Graphic communicators do the same thing. They use or develop branding for a company, which helps to build credibility among customers. They explore the features and benefits, which make their client’s company or product the right choice for the market segment they are after. Then they present the message in an appropriate medium and with a powerful, focused design to make the customer feel good about making the purchase. They too must clarify, create (a need for the product or service), and convince.
The attorney needs to present a single coherent story which is clear, understandable, believable and memorable. (If the attorney tries to explain his client’s position using more than one story, the jury could get confused and not believe either story.) The attorney might use an analogy, such as the amount of radiation an employee was exposed to at work compared to his daily use of cigarettes was like a quarter of an inch compared to the height of the Empire State Building. The argument must be credible, it must create a “buzz,” and it must be convincing.
Similarly, the graphic communicator creates compelling conceptual graphics which sell the benefits of a product, and which are memorable as well. The graphic designer may employ a graphical analogy to sell a product, such as a fancy gear shift knob which shows the product works at very high speed. Or electric sparks which dramatize the power of the product. Or a “before” and “after” image to credibly document the results of using the product. Or, show the product being used in a very exotic setting. Or, compare the fees paid to a consultant with the results gained with a chart showing two arrows sweeping across a speedometer. It is the graphic communicator’s job to make the client’s message understandable, compelling, memorable and create enough “buzz” to cause the customer to buy the product.

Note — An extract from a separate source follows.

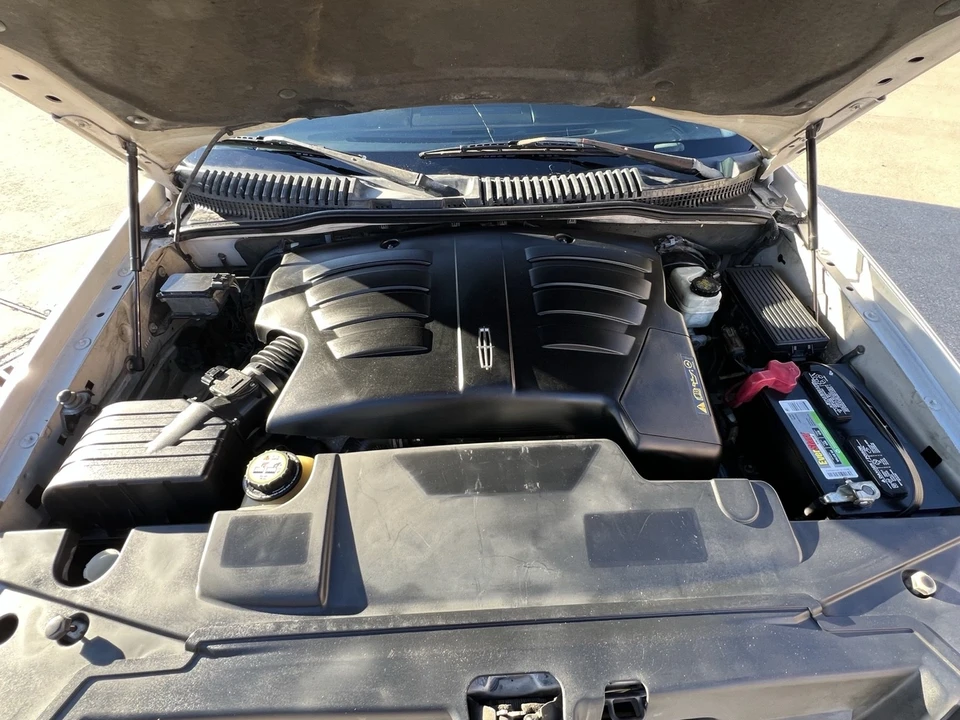 2005 Lincoln Aviator 1st Gen - Image 20 of 21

I have only appeared in small claims court a couple of times. I used receipts, agreements, photos and a written timeline to describe my case, and I won both judgments. A court case requires a study of the relevant facts, and a presentation of a simple theme and evidence which proves the point you are trying to make without confusing the jurists with complexity. For maximum clarity and impact, the attorney may employ graphics or video which highlights, contrasts or even exaggerates parts of the story to cause the jury to remember or question some of the arguments made in the case.
The graphic communicator does this all of the time — usually not to deceive the buying public in any way — but to differentiate his client’s products and services in the marketplace of choices. Especially with a product like a financial investment product where “past performance does not guarantee future returns,” an investment firm might educate their potential clients in sales literature about their methodology and years of experience which differentiates them in a metaphoric “sea of suits.”*
So whether you are hiring an attorney or a graphic designer, see if their work tells a good story, makes their clients look credible, uses analogy or metaphor to focus distinction on the benefits of the product or service, and is memorable enough to be discussed in the “jury deliberations” of the marketplace.